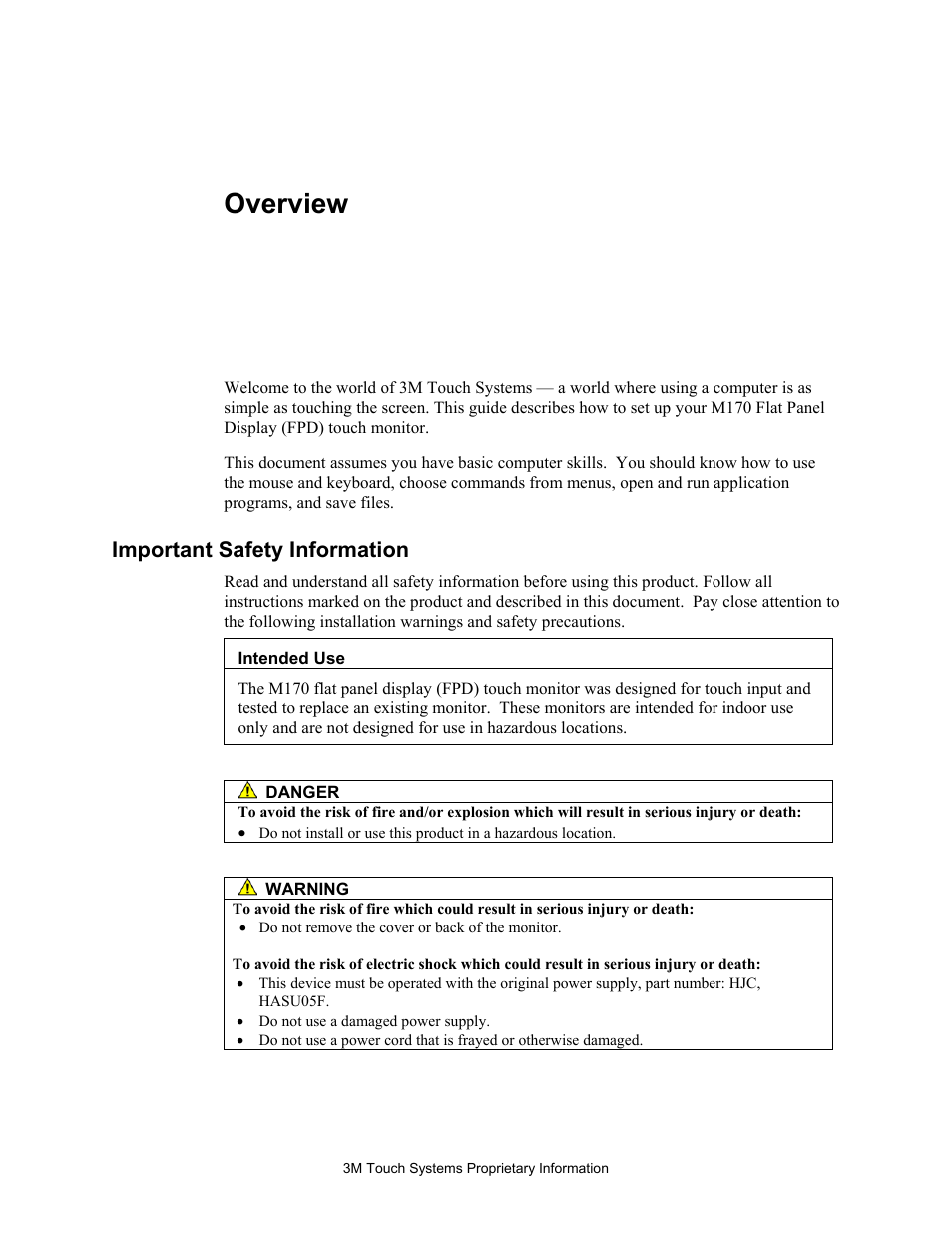 Important safety information, Intended use, Overview | 3M MicroTouch M170 User Manual | Page 5 / 33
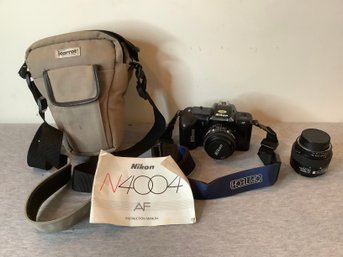 Nikon N4004 Camera With Case And Lens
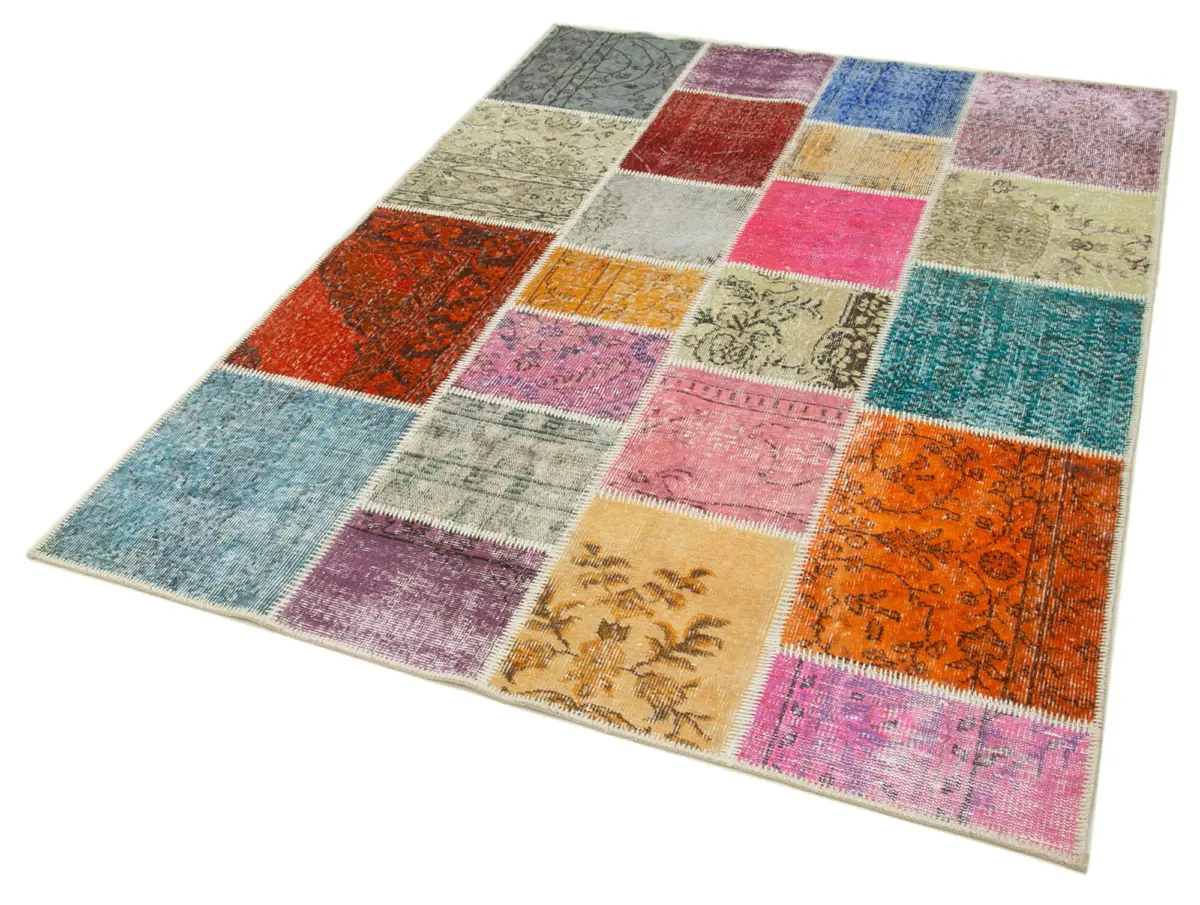 Patchwork Multi Pamuk Üzerine Yün El Dokuma Kilim-147x204 - Görsel 3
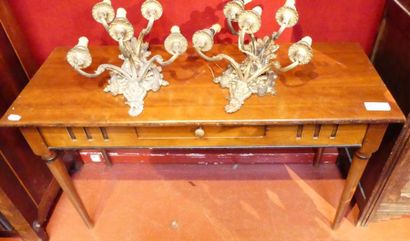 Table console en bois naturel ouvrant par...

• [TASK]: Only the pictures are to be left out; all other material is to be output exactly.

• [ANSWER TO THIS TASK]:
 Important safety information, Intended use, Overview | 3M MicroTouch M170 User Manual | Page 5 / 33
 Nikon N4004 Camera With Case And Lens
 Patchwork Multi Pamuk Üzerine Yün El Dokuma Kilim-147x204 - Görsel 3
 Table console en bois naturel ouvrant par...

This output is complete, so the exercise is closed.